Three police officers work surveillance on a major insider trading investigation. One night one of the officers, Yeung (Louis Koo), learns in advance that the stock price of the company under investigation is going to rise. He convinces his colleague Lam (Daniel Wu) to delete the recording so that he can take advantage of the tip. When suspicious trading the following day sees the relevant stock suspended, all three officers are caught on a spiralling path of poor choices to keep their money and avoid being arrested themselves.

The writing partners Alan Mak and Felix Chong made a hell of an impression in Hong Kong when their first screenplay, Infernal Affairs, became a commercial and critical smash hit. It was later remade by Martin Scorsese as the American thriller The Departed. The subsequent films Confession of Pain and Lady Cop and Papa Crook – which they also directed – firmly established them as two of Hong Kong’s finest creators of crime and police thrillers, a reputation they more than uphold with their 2009 feature Overheard. As a financial thriller it uses a comparative minimum of action and violence, yet as the plot thickens and the protagonists’ increasingly desperate attempts to stay afloat pile up it forms one of the very best Hong Kong thrillers I have ever seen.

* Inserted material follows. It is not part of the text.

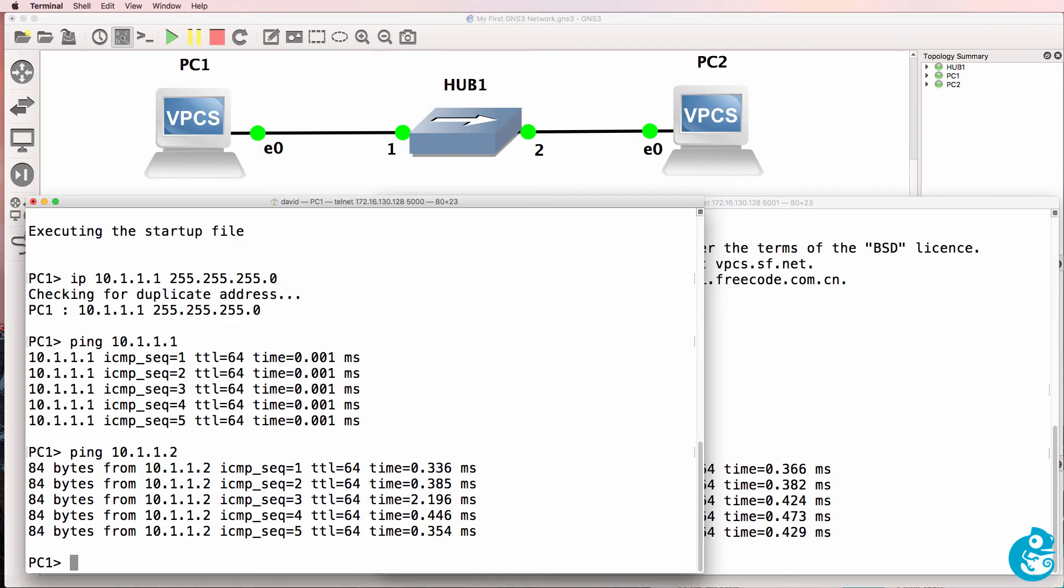This topology doesn't require any external operating systems to work. Everything is built into GNS3. When you configure more complex topologies using Cisco routers, you will need to provide the operating systems. But that's not required here. Everything is built into GNS3 for the simple topology.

There is a strong sense of constant failure to the story. Yeung, Lam and their supervisor Leung (Lau Ching-wan) make a terrible mistake in attempting insider trading. When they try to correct their mistake, they make another one – and can either admit to their original crime or allow one of the original men under suspicion to be murdered. When they take a third route and try to take justice into their own hands, they wind up being recognised by the victim’s girlfriend. On it goes, with each choice leading to a worse one, spiralling relentlessly towards a catastrophic conclusion.

In a typical move for a Hong Kong thriller Overheard is not afraid to take bold storytelling choices. There is a genuine feeling to the film that anything could happen, and that no character is safe from harm. It gives the story an edge that Hollywood equivalents often struggle to match.

The film also benefits enormously from its lead cast, with Daniel Wu, Louis Koo and particularly Lau Ching-wan developing strong and believable characters with their own specific strengths and failings. Lau in particular is remarkable. His character Leung is sleeping with his supervisor’s estranged wife, and is the most honest of his team. When their greed threatens to put them both in prison, he is reluctantly dragged into their conspiracy out of loyalty and friendship. Lau plays conflicted emotions brilliantly. His character spends the film torn between his friends and his better nature, and Lau ensures the pain of that tension is palpable.

Overheard is a slick, intelligent and regularly surprising thriller with a smart screenplay, effective direction and strong performances. Mak and Chong followed it up with two thematic sequels, each of which featured the same cast of actors in completely new surveillance and finance-based roles. It is an interesting concept for a franchise, united only by cast and subject matter, and I am very keen to see how each sequel plays out.